Об этом воплощенном добре будет позже написана поэма «Пушкин», которую Чичибабин считал едва ли не главной в своем творчестве. Потому что добро для него не безлико, но вдохновенно выразительно: деталями, чертами своей близости к жизни, порой нелепыми и смешными. Пушкин в поэме обезьянничает, куролесит, «как белка, прыгает на борт и ловко руки жмет матросам», но о нем же: «Ни разу Божие дитя не выстрелило в человека». Да, так, потому что заядлый дуэлянт ни разу не стал причиной чьей-то гибели — и нелепо гадать, был на то особый промысел, или случайно глазомер отказывал гению (да и до выстрела по обыкновению не доходило). Но добро не может выйти за рамки своей простоты, обозначенности как добра; «гений и злодейство — две вещи несовместные» — и все тут.

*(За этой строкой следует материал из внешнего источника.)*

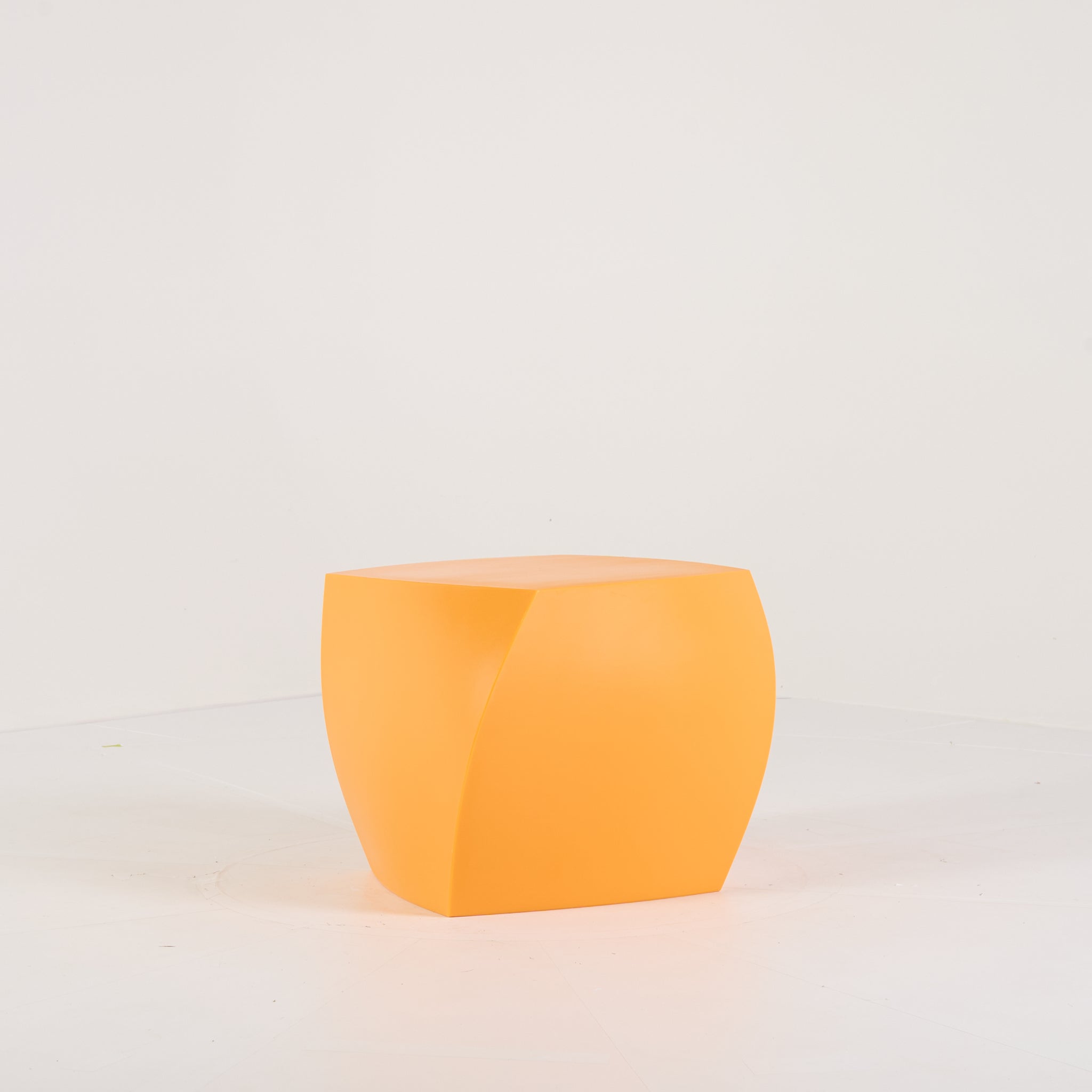Gehry Left Twist Cube by Heller in Yellow | Gently Used – Good | Shop Now | MO-HLR-1016_03-1400-Hero Image-4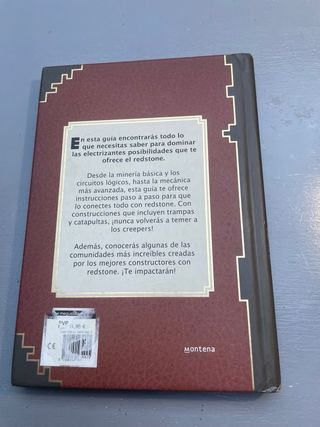 Libro Minecraft: Guía Redstone Edición Revisada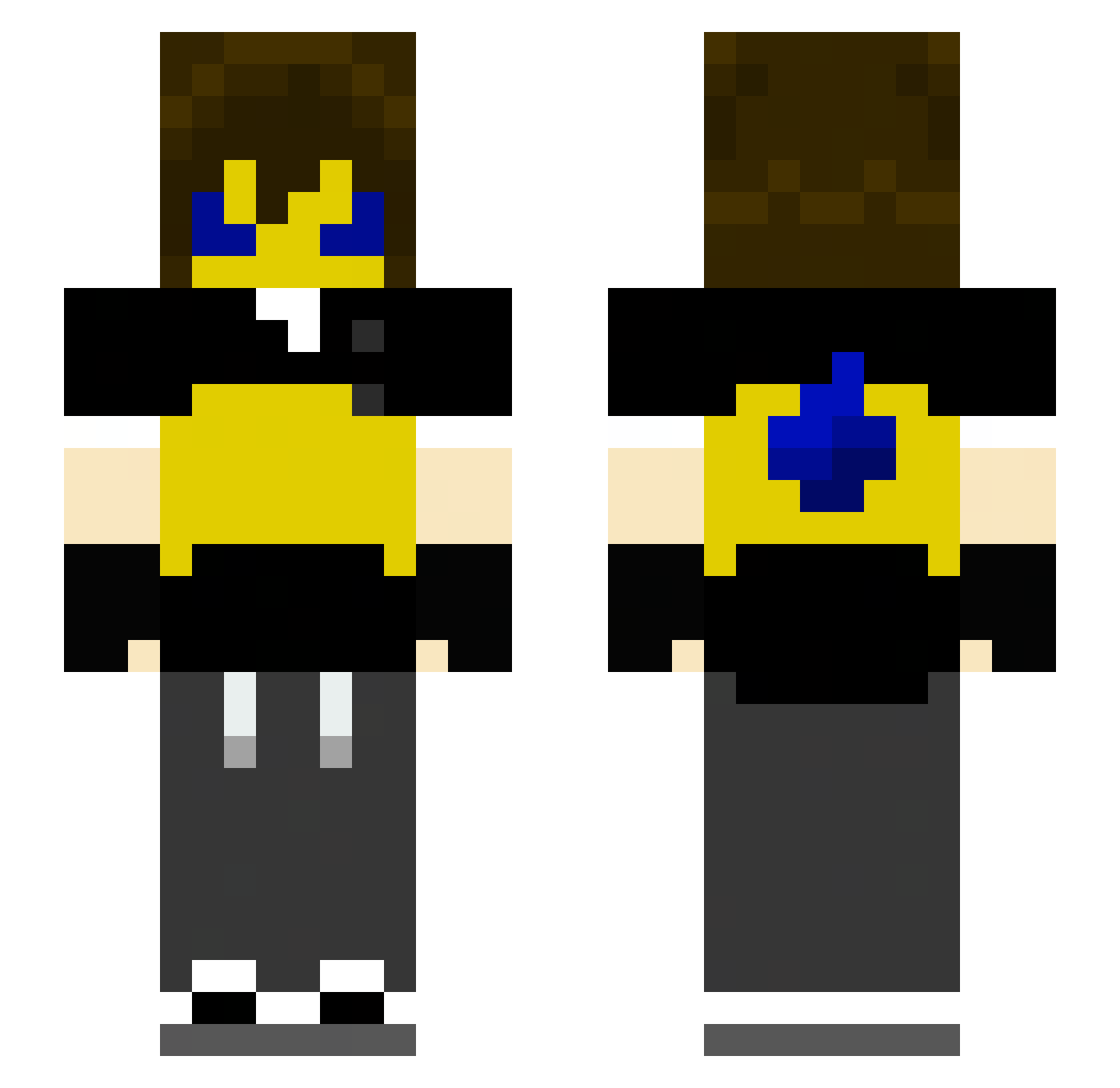 SkyLLs_ Minecraft skin, front and back view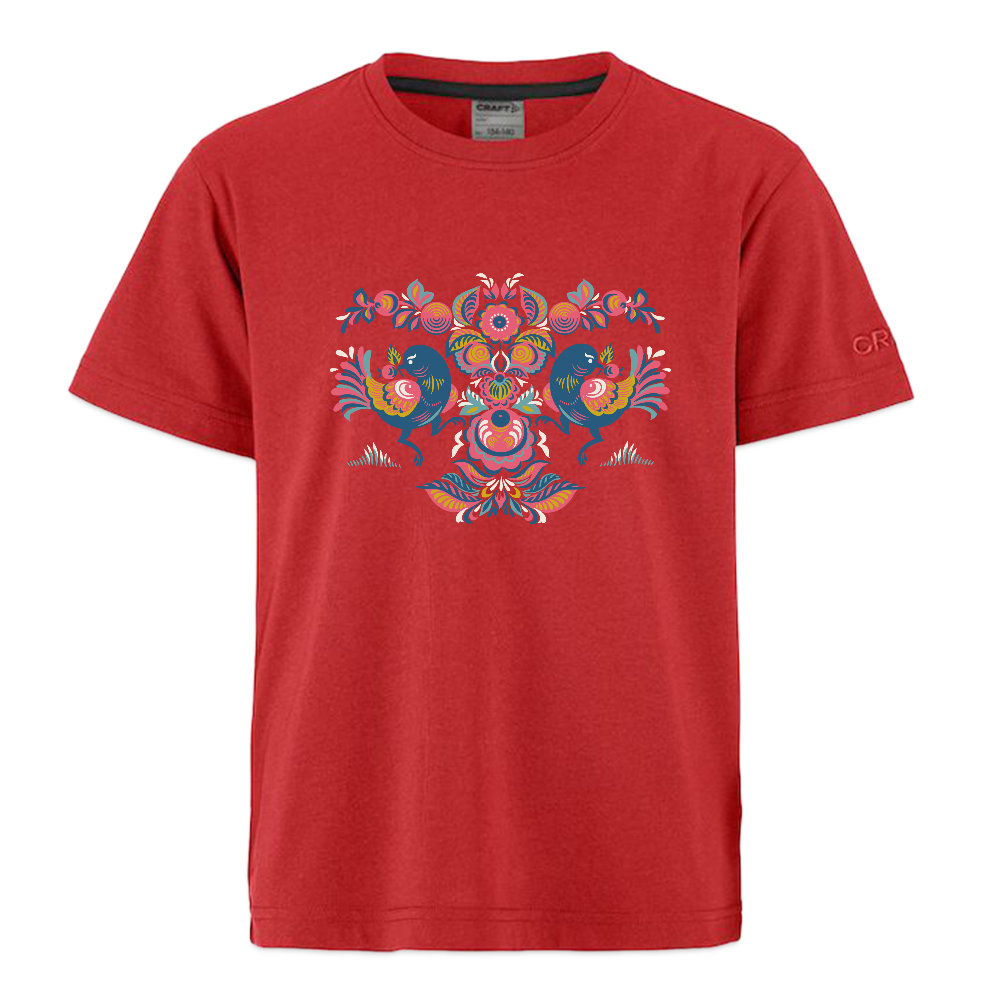 CRAFT Community 2.0 tieners T-shirt - rood
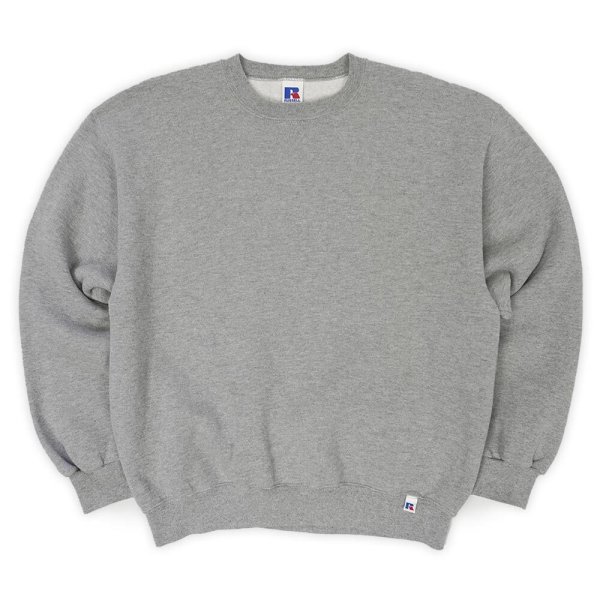 画像1: 90-00's RUSSELL 前V ブランクスウェット "HEATHER GRAY" (1)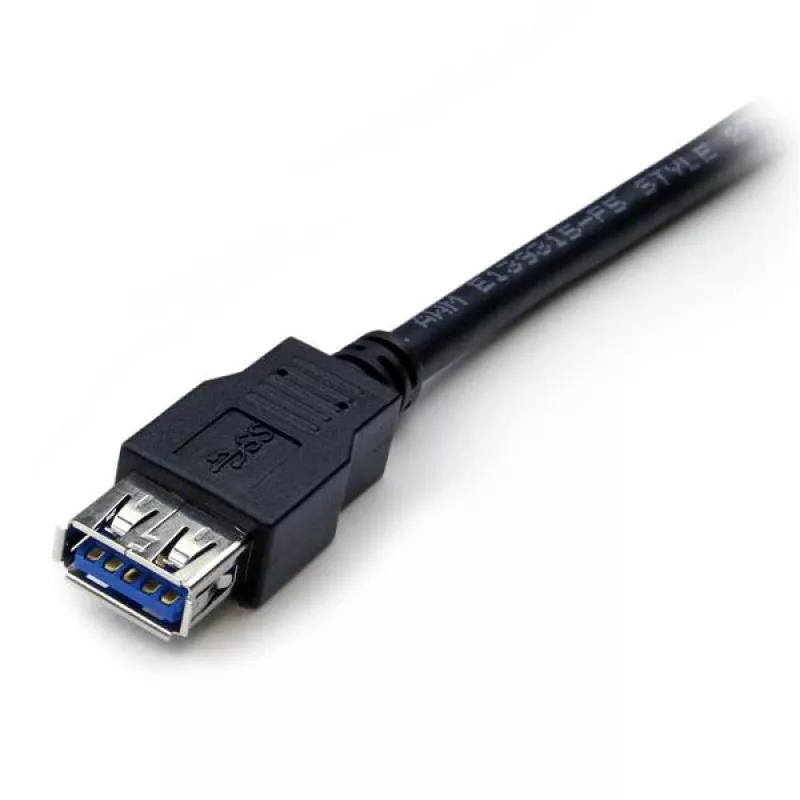 StarTech.com 2 m juodas SuperSpeed USB 3.0 ilginimo kabelis A–A, kištukas/lizdas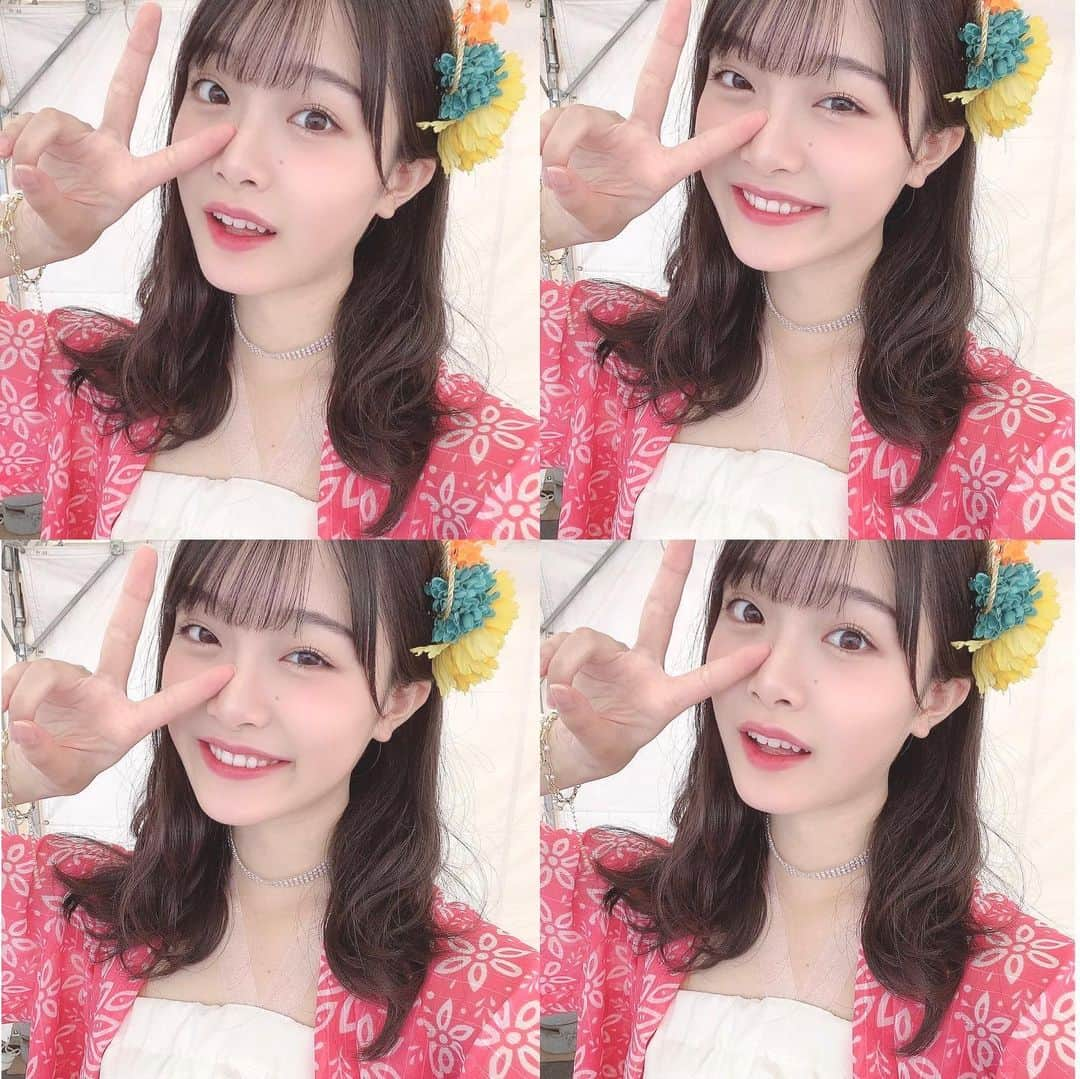 小越春花さんのインスタグラム写真 - (小越春花Instagram)「にいがた総おどりさんに出演させていただきました！！ NGT48の6thシングル ｢Awesome｣はにいがた総おどりさんとのコラボソングになっていて昨日はついに、その集大成！  メンバー全員で出演させていただけて、本当に幸せでした💞  念願のセンターになれてから、嬉しいことばかりではなくて、自分が意外とネガティブな性格なことも知りました。 メンバーや関係者の皆さん、家族、そしてファンの皆さんが支えてくださったおかげで、自分がセンターと初めて聞いた時よりも少しはセンターらしくなれたかな…？😊 と思います！  でも、全然まだまだなので頑張ります！！  もっとガツガツいく！と、逃げ道を作らない！  です！！  これからも応援、よろしくお願いします🙇‍♀️！  #にいがた総おどり  #NGT48 #Awesomeみんなで #みんなで踊ろけ #はるか村」9月21日 7時47分 - haruka_2525_ngt48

Для Чичибабина, поэта с литературной периферии (в то же время язык не поворачивается назвать его провинциальным поэтом — из-за насущной важности тем, весомости произнесенных слов), священен сам дух и смысл традиции. Он не был экспериментатором в том смысле, что не делал из эксперимента творческой задачи. За что и удостоился прозвища графомана (которое из уст тогдашних «классиков» принял, кажется, с гордостью):

Не за тайны ремесла. А за что? За полноту проживания, достоверность повседневных горестей и щедрот. Чичибабин не прятался за проблемы искусства, но, узнавая персонифицированное зло, называл его подлинным именем — и в этом наследовал Дон Кихоту, смешному разве что для тех, кто не осознает природы зла. У категории смеха в его мире вообще роль особая. Очень рано Чичибабин понял, что его кредо в поэзии — шутовство, словесное простодушие, порой граничащее с юродивостью. Поэтому «поэты прославляли вольность, а я с неволей не расстанусь», «как Маяковский, не смогу, а под Есенина не стоит»… Да и просто: «Не вижу проку в листопадах» (листопад здесь — устойчивый и даже всеобщий лирический мотив: от Пушкина до Бунина и Пастернака). Ведь поэзия — положительно заряженный воздух, длящееся творение, а уныние и увядание вне метафизики ее языка. Еще в 1946-м Чичибабин написал стихотворение с рефреном: «Я у мира скоморох, мать моя посадница» (и, переписав его спустя сорок с лишним лет, назвал «Песенкой на все времена»). Лирический герой представлен наследником вольной республики, где «улыбка дуралея стоит грусти мудреца». Легко, в незамысловатом ритме частушки, произносятся последние слова о дразнящей свободе, пустоте безблагодатного мира, открывающейся «со всех дорог». И так же просто, беспафосно, как в поэме «Пушкин», утверждается тождество жизни и добра: «Коль родились мы на свет, так уж будем добрыми». Таково кредо поэта, сделавшего традицию местом встречи с классиками — Пушкиным, Толстым, Мандельштамом — на обочине литературных канонов. И убежденного в серьезной роли смеха, атрибута свободы (кстати, именно «стихотворение с рефреном» было предъявлено юному поэту при аресте)… Пройдет несколько лет — и из Бориса Полушина возникнет Борис Чичибабин.